The Structure of Loss

Three sentences into reading Enon, we already know that Charlie Crosby has lost his only child, thirteen-year-old Kate. Killed while riding her bicycle, we’re quickly immersed in the downward spiral of Charlie’s grief as he pushes away his wife and begins to lose himself.

The book is very well structured. Harding weaves together the progression of time with flashbacks from Charlie’s life, insights into the history of the town of Enon, and ever more intimate looks at Charlie’s guilt—both the destruction he’s currently wreaking on himself and flashes of how he might have prevented Kate’s accident—so that with each page the reader is drawn deeper into Charlie’s world and the experience of losing a child.

Intellectualizing Grief

There is only one thing missing from Enon—emotional connection. You’d think with a first person narrative and a subject as wrought as the death of a child that it would be easy to connect with Charlie. As a new mother who basically worries every second that something will happen to my child, I was actually terrified to read beyond the first page of this book because I thought I’d be devastated by it.

Instead, because our experience of the events relies entirely on Charlie and Charlie wants nothing more than to escape the pain of grief, I felt distant and cold while reading this book. I could intellectually engage with the horrors of losing a child, I could conceive of how the path Charlie was on could ruin his life even further, but I could not feel much of anything about any of it. Which turned out to be a disappointment and my mind wandered a lot as I read the book.

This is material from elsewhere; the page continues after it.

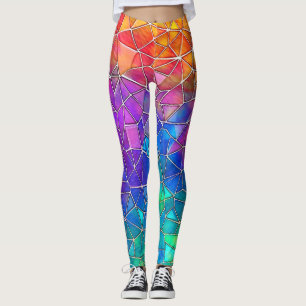 Glas in lood regenboogpatroon leggings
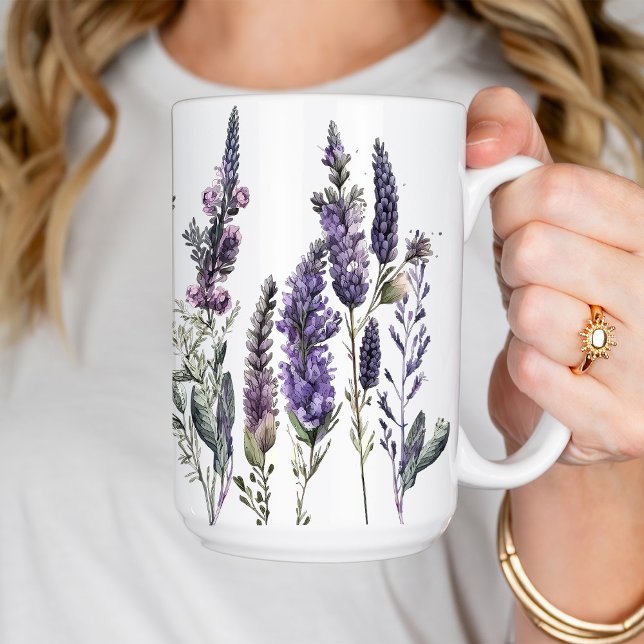 Watercolor Lavender Flowers Coffee Mug (Creator Uploaded)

Imparting Emotion in Narrative

So how was it that Harding failed to create an emotional connection between the reader and Charlie? The last thing Charlie wants to do is feel the loss of his daughter. Pulling back from that kind of horror is a natural human coping mechanism, but by running us through every thought in Charlie’s head, we don’t get to make jumps, leaps, and emotions on our own. It becomes difficult to engage with Charlie and the situation. And when Charlie is describing the feeling of loss, it’s still difficult to connect because we see what Kate’s death is doing to him, but he wants to self destruct and provides no entree into reaching out to him. It feels as though Harding is pushing us away as much as Charlie pushes away his wife.

Could it be any other way?

If Harding wanted us as readers to empathize with Charlie on an emotional level, he could have interspersed third person perspective. If we witnessed Kate’s death without the filter of Charlie’s distance, it would be impossible not to feel his pain. We would travel down that emotional spiral with him and his actions seem inevitable. It would be harder to judge him and wish he would make different choices. If we saw how neighbors saw him—again without the filter of Charlie’s rationalizing—we might pity the poor wretch he becomes.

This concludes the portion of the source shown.